I'm starting to wonder, actually, what advantages a warforged unit would have
over a human unit in the army.

You never need to feed them, and you don't need to worry about them getting
dysentary. They don't get drunk, drugged, or tired. They can keep fighting all
day if necessary.

But--they get wounded just as easily as a human, need to be repaired by
artificers, and are still subject to almost all the same magic--even fear spells.
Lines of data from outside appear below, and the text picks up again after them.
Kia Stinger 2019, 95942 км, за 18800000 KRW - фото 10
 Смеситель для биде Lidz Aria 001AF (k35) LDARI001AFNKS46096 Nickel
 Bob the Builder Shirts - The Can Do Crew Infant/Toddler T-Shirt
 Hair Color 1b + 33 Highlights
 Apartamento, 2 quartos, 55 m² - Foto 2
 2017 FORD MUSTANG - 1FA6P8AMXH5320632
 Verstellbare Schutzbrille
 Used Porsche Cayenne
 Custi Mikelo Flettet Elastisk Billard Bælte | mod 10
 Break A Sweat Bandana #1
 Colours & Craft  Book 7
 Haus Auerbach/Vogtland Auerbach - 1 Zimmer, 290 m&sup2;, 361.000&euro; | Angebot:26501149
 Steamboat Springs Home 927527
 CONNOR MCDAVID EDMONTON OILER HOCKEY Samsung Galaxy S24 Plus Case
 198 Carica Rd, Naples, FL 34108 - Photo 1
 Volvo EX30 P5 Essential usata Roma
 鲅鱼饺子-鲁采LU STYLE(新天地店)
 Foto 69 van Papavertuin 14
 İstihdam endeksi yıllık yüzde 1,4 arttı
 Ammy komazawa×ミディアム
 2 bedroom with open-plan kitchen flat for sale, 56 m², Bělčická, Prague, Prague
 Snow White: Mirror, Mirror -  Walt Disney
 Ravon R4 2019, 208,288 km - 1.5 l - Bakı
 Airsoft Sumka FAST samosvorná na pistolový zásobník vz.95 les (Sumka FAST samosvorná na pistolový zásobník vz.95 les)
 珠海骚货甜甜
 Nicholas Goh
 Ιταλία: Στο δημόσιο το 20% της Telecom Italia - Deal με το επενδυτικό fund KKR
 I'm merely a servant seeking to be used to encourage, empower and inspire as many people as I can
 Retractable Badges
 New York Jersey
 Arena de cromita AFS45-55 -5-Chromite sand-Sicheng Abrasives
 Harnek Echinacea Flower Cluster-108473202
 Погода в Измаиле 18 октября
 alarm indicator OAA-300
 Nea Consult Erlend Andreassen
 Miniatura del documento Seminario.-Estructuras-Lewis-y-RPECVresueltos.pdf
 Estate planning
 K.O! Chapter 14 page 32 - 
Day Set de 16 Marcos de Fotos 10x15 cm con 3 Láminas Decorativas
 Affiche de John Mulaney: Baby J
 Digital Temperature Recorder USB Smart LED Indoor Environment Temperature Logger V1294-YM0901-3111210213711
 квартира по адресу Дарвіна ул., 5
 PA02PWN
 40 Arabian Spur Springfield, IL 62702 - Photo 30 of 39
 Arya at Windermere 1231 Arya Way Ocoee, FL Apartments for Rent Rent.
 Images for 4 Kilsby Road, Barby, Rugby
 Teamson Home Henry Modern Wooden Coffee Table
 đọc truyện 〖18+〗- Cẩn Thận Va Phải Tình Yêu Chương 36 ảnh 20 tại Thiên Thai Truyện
I think the main advantage of the basic warforged is independence and mobility.
If you need to get a unit somewhere fast, you can force-march the warforged
all day and all night and they'll be good to go when you get there. You can also
send them off without a supply train, or leave them somewhere for months
just waiting to spring an ambush. That's a pretty cool benefit. It's not that they're
such awesome fighters (I question whether generating an adamantine warforged
is cost-effective compared to an armored knight), but that they can do things that
human units can't.

The more I think about it, the more they sound monkish rather than tankish. And
I never hear anyone complaining about monks being overpowered.

--Ben
 

What I find amusing is that, while the warforged may or may not be balanced in Eberron, they would be seriously unbalancing in Dark Sun -despite- being weaker, since they're immune to half the issues in that world. Of course, everyone would want to rip their armor off...
 

'Balance is in the hands of the DM'

Player 1: "I'll be a 'Forged Barb!"
Player 2: "And me a 'Forged Artificer!"
Player 3: "Kewl! I'll be a 'heavy metal' Bard. Heh."
Dungeon Master puts on Evil Charm Cloak and Mind Blank Helmet:
"You Homo Sapiens and your Warforged."

:p
 

fuindordm said:
I think the main advantage of the basic warforged is independence and mobility.
If you need to get a unit somewhere fast, you can force-march the warforged
all day and all night and they'll be good to go when you get there. You can also send them off without a supply train, or leave them somewhere for months just waiting to spring an ambush. That's a pretty cool benefit.
they'd make awesome commandoes and scouts. send them deep behind enemy lines and you can leave them there, because the only supply they need is some repair damage wands. just make sure one of your guys is a rogue with UMD or a bard or something, and they're good to go.
 

Gez said:
A level 1 commoner of an ECL 0 race is CR ½, not CR 1.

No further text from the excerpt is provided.